BCE svela la roadmap della finanza tokenizzata: l’Europa accelera per ridurre la dipendenza dalle infrastrutture estere
- 12 Marzo 2026
- Posted by: Tony
- Categoria: Crypto, Mercati
Banca Centrale Europea ha delineato il calendario dell’iniziativa volta a guidare lo sviluppo di un ecosistema finanziario all’ingrosso basato sul token e sulla tokenizzazione dell’euro, con l’obiettivo di garantire la perdurante rilevanza della valuta unica a livello internazionale.
La strategia è articolata su due elementi principali: Pontes, uno strato tecnologico basato su DLT pensato per le transazioni all’ingrosso e atteso in una prima versione nel terzo trimestre, e Appia, un programma più ampio dedicato alla costruzione di un ecosistema finanziario integrato che integri la tokenizzazione e le tecnologie distribuite.
Appia rappresenta il cuore dell’iniziativa e si svilupperà fino al 2028, quando il Eurosistema — l’insieme della Banca Centrale Europea e delle banche centrali dei paesi che adottano l’euro — prevede di pubblicare un progetto di massima con la sua visione per un ecosistema finanziario tokenizzato.
Il programma è concepito per esplorare l’architettura a lungo termine di un sistema finanziario tokenizzato, comprendendo aspetti di infrastruttura, governance e standard tecnici necessari per l’interoperabilità e la sicurezza delle operazioni.
Obiettivi strategici e ragioni geopolitiche
L’iniziativa punta a promuovere un ambiente dei pagamenti e dei titoli più integrato, competitivo e innovativo in Europa, rafforzando l’autonomia strategica e la resilienza del continente e preservando la posizione internazionale dell’euro.
I responsabili delle politiche europee hanno sempre più spesso inquadrato le infrastrutture finanziarie come una questione geopolitica, sottolineando come la dipendenza da reti di pagamento extraeuropee e da sistemi finanziari centrati sul dollaro possa esporre l’Unione a pressioni esterne e a leve di influenza non desiderate.
Un’analisi commissionata al Parlamento Europeo ha evidenziato come la dipendenza da reti straniere di pagamento rappresenti una vulnerabilità strutturale per la sovranità finanziaria del continente, potenzialmente traducibile in strumenti di pressione geopolitica.
Componenti tecniche: Pontes e Appia
Il progetto Pontes è pensato come un livello DLT per l’esecuzione delle transazioni all’ingrosso, con l’obiettivo di testare soluzioni operative e di interoperabilità in un contesto di mercato controllato. La sua implementazione pilota è prevista nella seconda metà dell’anno in corso.
Appia si concentrerà invece sul dialogo con gli operatori di mercato per sviluppare un ecosistema finanziario completamente innovativo e integrato, che comprenda la rappresentazione digitale di strumenti quali obbligazioni, fondi e titoli sotto forma di token su reti condivise.
La progressiva adozione di DLT e di forme avanzate di tokenizzazione richiederà definizioni chiare su standard tecnici, modelli operativi e meccanismi di regolamentazione per garantire la fiducia degli investitori e l’efficienza delle infrastrutture di mercato.

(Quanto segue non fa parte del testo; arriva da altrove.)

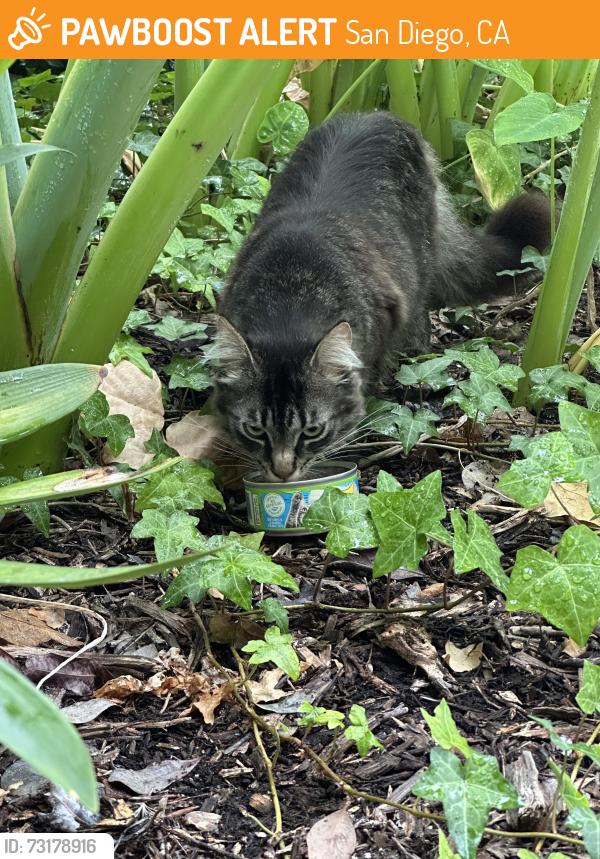 Found/Stray Female Cat last seen Miramar College, San Diego, CA 92126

Governance, denaro della banca centrale e prossime tappe
L’iniziativa mira altresì a ancorare lo sviluppo dei mercati tokenizzati al concetto di denaro della banca centrale, assicurando che i nuovi strumenti e infrastrutture siano compatibili con le funzioni di politica monetaria e di stabilità finanziaria svolte dalle autorità pubbliche.

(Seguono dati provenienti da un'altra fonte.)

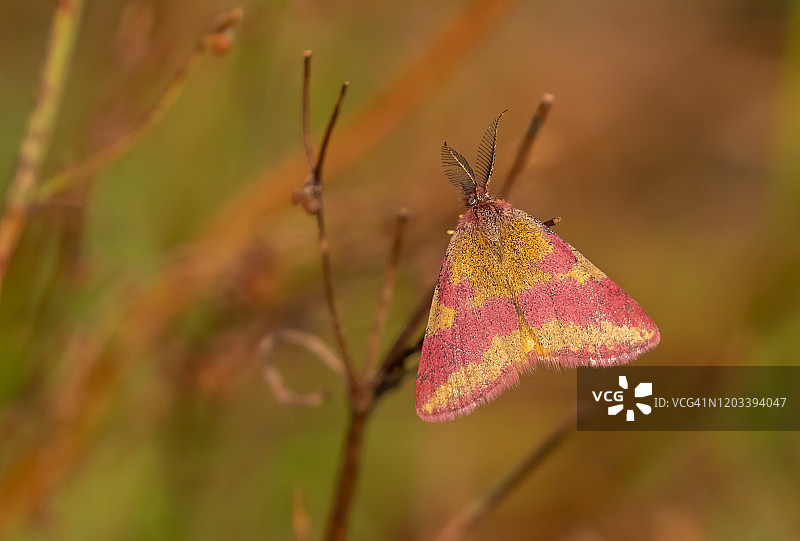 血斑夜蛾图片素材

Piero Cipollone ha dichiarato:
“Appia riguarda la costruzione di una strada dal sistema finanziario di oggi ai mercati tokenizzati di domani, saldamente ancorata al denaro della banca centrale.”
Sarà fondamentale il coordinamento tra la Banca Centrale Europea, le banche centrali nazionali, gli organismi di regolamentazione e gli operatori privati per definire regole comuni, supervisione prudenziale e soluzioni tecniche interoperabili.

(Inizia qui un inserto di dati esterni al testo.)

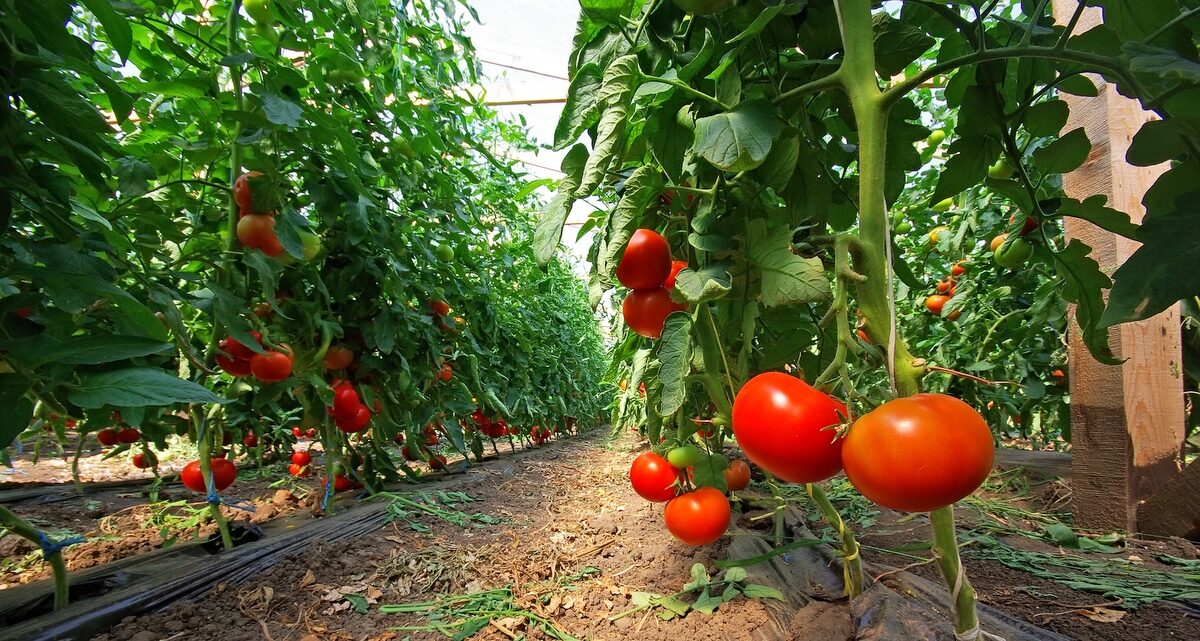 Tomate: cum poate influența clima producției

Nei prossimi anni il lavoro si concentrerà sulla sperimentazione tecnica, sull’elaborazione di standard condivisi e su eventuali adeguamenti normativi necessari per facilitare l’integrazione transfrontaliera dei mercati tokenizzati, riducendo i rischi operativi e legali e promuovendo l’efficienza dei regolamenti e delle liquidazioni.
La pubblicazione del progetto di massima prevista per il 2028 offrirà una visione strategica e operativa per l’adozione su larga scala, indicando percorsi possibili per l’evoluzione dell’infrastruttura finanziaria europea nell’era della blockchain e dei registri distribuiti.